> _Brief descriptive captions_
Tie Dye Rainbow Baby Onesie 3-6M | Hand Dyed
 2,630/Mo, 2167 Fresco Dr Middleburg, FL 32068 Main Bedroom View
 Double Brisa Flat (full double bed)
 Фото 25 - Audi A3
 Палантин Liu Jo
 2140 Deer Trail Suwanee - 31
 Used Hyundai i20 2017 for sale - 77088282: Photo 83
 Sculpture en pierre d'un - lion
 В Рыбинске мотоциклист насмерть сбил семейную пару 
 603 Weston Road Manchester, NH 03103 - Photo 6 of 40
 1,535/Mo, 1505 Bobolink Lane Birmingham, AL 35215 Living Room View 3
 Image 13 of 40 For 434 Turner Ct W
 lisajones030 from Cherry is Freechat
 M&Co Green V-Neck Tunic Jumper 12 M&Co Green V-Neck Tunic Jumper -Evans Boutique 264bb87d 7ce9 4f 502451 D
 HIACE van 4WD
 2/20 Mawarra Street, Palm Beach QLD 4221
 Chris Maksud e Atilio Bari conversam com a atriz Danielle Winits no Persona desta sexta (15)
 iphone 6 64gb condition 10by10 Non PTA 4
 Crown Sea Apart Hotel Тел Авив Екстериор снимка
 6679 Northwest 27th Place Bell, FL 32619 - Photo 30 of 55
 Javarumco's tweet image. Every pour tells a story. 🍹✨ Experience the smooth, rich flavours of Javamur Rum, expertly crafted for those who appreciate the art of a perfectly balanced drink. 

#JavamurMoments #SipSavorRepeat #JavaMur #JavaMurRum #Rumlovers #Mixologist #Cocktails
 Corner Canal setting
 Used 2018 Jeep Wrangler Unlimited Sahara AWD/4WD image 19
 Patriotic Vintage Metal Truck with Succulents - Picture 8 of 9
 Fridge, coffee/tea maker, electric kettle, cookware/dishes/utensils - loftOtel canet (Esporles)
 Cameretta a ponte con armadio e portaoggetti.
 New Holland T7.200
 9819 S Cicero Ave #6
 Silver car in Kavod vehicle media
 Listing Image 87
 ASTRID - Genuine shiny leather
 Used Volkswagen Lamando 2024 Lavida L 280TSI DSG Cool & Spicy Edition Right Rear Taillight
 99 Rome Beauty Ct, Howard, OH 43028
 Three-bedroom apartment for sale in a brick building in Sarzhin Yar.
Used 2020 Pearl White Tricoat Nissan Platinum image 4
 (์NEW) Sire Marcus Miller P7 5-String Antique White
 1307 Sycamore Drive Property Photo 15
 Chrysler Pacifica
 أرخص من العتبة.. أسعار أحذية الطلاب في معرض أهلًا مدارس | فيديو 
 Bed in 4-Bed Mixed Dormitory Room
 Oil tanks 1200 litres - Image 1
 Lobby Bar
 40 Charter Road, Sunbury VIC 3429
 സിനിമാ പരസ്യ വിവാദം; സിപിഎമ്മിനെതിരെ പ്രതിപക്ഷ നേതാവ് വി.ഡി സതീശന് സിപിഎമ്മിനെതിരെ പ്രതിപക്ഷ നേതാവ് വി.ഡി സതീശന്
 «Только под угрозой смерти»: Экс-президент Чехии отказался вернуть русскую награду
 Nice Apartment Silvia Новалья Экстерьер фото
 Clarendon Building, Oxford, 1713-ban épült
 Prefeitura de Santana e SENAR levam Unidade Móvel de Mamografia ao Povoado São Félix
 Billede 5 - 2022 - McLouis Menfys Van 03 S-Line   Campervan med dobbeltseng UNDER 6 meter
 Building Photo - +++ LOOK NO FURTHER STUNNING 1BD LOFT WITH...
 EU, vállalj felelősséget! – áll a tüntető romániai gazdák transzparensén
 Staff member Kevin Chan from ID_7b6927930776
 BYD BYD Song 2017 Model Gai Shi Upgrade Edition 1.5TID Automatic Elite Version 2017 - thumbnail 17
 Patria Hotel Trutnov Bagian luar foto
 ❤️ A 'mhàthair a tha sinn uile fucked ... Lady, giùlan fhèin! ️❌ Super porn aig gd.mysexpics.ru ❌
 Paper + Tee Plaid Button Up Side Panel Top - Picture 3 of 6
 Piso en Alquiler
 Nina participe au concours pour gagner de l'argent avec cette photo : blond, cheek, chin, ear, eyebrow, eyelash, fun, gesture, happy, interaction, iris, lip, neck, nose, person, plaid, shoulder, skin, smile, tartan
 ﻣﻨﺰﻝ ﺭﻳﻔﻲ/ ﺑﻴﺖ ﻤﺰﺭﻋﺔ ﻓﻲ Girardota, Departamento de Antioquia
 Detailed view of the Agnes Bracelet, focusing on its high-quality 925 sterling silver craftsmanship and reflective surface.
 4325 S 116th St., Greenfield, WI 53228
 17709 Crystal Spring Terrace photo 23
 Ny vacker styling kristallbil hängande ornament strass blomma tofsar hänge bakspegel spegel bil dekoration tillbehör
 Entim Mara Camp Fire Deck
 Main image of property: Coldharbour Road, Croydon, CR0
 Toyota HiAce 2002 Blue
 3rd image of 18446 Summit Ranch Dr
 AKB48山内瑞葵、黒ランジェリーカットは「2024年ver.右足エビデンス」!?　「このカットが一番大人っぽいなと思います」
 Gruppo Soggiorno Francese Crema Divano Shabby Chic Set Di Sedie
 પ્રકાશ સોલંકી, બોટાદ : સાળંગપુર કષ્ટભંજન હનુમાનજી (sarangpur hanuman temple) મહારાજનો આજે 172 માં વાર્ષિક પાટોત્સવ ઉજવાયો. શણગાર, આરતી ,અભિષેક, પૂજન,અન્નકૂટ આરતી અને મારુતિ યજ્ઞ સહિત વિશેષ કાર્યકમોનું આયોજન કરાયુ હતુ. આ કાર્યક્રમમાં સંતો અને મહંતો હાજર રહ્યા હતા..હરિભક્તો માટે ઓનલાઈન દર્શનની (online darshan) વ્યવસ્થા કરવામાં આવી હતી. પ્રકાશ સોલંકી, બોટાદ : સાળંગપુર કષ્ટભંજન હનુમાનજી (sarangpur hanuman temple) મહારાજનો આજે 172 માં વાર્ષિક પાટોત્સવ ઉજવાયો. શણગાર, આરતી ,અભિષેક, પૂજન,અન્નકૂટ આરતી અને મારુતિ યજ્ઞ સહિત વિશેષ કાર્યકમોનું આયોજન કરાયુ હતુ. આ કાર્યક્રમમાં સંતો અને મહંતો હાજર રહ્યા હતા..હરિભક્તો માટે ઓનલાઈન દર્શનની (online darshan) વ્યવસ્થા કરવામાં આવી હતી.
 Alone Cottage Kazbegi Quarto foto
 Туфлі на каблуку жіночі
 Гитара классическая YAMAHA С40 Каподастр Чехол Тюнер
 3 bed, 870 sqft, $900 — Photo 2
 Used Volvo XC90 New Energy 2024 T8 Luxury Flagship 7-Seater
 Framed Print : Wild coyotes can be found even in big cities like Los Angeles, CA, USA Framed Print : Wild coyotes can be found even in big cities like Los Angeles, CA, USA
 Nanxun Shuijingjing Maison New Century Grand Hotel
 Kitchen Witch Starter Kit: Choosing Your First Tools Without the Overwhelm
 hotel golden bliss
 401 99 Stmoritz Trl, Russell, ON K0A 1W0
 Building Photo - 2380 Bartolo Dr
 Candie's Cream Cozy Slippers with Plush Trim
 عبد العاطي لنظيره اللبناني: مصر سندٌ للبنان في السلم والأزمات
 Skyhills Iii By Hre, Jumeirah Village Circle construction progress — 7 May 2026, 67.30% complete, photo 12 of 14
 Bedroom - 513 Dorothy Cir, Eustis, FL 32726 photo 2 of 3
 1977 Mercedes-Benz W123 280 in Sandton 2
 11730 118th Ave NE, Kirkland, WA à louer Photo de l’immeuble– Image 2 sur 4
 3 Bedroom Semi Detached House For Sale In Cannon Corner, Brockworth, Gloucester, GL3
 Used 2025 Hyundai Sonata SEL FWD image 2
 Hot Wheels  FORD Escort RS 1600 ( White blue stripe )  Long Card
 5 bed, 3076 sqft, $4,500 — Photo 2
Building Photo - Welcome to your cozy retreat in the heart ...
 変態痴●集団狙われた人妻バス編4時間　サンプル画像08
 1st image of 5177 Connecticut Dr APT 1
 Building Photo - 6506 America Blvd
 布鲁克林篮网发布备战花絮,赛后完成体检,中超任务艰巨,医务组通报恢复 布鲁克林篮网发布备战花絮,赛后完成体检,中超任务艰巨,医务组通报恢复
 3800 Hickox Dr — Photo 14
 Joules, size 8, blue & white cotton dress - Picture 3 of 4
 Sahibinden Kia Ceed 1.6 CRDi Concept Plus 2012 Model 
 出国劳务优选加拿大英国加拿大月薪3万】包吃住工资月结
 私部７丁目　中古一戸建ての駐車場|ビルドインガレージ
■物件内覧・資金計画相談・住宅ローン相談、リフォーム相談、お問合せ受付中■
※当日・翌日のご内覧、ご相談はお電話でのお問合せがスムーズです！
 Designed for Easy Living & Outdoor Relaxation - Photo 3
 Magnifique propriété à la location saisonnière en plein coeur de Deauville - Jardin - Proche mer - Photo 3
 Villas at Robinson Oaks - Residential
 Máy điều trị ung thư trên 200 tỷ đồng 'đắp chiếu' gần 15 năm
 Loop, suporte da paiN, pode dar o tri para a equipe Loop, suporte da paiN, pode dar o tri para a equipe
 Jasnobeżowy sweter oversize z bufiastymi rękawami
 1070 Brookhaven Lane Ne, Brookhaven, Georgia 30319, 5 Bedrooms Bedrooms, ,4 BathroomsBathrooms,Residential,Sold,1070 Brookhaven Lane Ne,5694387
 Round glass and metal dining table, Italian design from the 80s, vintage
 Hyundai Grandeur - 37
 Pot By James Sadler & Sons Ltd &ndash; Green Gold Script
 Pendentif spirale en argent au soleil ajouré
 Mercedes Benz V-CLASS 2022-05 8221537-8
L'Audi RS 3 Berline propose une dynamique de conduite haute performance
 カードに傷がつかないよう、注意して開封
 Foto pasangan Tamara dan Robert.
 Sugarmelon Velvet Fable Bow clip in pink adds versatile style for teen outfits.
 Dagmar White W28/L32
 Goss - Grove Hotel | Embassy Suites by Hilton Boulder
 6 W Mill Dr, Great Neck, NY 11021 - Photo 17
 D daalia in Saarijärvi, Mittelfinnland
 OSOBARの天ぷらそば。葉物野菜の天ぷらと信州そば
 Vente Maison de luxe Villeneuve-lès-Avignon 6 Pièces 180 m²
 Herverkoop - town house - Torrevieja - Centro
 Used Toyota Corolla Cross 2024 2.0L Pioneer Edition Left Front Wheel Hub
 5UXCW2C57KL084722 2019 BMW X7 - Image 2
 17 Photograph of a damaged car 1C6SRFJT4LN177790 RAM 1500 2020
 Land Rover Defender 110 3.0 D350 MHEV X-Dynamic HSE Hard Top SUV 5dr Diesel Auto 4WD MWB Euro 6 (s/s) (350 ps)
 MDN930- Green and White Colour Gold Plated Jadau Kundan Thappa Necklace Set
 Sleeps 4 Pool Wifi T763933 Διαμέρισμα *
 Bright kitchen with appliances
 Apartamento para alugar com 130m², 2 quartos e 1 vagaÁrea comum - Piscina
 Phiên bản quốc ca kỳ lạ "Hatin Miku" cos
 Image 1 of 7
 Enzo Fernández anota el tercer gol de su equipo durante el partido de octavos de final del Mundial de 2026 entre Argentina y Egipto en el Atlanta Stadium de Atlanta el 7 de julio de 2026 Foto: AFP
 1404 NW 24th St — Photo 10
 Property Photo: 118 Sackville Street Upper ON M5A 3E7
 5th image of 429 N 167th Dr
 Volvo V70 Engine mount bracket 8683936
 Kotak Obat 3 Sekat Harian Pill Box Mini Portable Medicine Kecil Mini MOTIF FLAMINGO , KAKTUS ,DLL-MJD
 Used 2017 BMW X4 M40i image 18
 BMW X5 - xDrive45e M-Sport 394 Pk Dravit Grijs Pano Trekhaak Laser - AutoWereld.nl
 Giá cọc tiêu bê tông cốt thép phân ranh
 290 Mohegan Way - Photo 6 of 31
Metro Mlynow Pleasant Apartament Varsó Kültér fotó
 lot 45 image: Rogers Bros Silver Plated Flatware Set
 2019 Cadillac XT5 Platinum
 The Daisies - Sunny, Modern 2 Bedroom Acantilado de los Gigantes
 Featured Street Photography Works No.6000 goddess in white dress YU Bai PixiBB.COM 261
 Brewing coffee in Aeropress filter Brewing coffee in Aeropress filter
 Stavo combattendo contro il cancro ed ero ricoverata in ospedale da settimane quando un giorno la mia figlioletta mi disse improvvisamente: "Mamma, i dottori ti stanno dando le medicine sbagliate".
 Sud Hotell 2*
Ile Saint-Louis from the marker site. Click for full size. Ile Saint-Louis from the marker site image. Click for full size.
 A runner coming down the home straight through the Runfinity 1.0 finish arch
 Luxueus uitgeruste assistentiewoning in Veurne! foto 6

> _Try it_
Please set down again, word for word, only the lines from the start of the entries through the line with "1,535/Mo, 1505 Bobolink", both ends included.

> _Response to this task_
Tie Dye Rainbow Baby Onesie 3-6M | Hand Dyed
 2,630/Mo, 2167 Fresco Dr Middleburg, FL 32068 Main Bedroom View
 Double Brisa Flat (full double bed)
 Фото 25 - Audi A3
 Палантин Liu Jo
 2140 Deer Trail Suwanee - 31
 Used Hyundai i20 2017 for sale - 77088282: Photo 83
 Sculpture en pierre d'un - lion
 В Рыбинске мотоциклист насмерть сбил семейную пару 
 603 Weston Road Manchester, NH 03103 - Photo 6 of 40
 1,535/Mo, 1505 Bobolink Lane Birmingham, AL 35215 Living Room View 3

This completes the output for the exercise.